* Aim of the task *
In how many lines of the records below does the word "Apartment" appear? Reply with the number only.

* Material provided *
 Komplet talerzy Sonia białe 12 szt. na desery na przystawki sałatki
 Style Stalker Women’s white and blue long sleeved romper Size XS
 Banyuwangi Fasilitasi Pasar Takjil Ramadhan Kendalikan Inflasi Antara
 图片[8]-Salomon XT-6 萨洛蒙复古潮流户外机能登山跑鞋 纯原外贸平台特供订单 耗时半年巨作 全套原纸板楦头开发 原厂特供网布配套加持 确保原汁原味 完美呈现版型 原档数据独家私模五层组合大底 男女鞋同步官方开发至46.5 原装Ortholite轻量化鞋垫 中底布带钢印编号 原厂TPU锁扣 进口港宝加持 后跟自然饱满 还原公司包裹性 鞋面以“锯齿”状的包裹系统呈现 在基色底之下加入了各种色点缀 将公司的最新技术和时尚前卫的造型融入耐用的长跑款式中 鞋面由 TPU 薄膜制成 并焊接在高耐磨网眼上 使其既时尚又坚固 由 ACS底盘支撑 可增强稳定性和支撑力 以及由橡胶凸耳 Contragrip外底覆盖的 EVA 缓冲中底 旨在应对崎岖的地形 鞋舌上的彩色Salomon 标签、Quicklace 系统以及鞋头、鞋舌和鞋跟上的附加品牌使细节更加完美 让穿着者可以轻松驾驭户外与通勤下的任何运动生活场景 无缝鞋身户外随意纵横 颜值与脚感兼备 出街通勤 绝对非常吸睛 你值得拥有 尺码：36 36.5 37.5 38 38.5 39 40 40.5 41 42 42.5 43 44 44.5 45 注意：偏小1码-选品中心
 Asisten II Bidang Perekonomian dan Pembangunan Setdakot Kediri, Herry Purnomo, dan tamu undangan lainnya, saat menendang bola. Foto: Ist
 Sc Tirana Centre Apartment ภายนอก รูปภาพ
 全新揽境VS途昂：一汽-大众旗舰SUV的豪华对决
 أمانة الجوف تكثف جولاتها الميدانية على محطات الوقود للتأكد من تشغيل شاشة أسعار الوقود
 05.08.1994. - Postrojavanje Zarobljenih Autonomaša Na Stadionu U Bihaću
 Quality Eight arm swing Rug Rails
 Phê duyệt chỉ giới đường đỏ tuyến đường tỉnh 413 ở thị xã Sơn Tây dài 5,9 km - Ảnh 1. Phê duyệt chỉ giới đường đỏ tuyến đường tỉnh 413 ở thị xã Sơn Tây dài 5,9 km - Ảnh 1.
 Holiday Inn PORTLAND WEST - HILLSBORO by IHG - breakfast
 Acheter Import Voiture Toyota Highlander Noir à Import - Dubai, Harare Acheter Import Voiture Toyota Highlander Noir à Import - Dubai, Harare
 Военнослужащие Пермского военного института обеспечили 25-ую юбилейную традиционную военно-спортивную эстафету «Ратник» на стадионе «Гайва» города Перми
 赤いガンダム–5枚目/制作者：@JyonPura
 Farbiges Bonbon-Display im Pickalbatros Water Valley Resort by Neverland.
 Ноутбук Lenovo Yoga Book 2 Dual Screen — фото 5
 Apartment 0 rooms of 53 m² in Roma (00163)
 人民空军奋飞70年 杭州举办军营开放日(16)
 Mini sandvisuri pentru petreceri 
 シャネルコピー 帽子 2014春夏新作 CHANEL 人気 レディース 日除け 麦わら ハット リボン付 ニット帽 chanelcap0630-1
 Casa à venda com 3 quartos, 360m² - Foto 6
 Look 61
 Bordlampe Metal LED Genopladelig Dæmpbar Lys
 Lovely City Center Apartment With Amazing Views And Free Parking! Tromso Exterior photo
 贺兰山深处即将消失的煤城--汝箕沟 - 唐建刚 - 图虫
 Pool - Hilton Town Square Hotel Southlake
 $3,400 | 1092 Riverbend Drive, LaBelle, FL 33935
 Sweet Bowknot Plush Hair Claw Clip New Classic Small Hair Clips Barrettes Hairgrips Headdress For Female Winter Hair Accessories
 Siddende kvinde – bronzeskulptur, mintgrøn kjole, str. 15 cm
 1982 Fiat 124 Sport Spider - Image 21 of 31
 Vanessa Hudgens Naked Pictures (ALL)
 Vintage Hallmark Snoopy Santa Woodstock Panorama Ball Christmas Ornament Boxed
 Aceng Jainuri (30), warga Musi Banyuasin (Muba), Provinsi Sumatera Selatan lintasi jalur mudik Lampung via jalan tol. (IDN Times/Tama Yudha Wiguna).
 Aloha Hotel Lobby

* Finished exercise *
3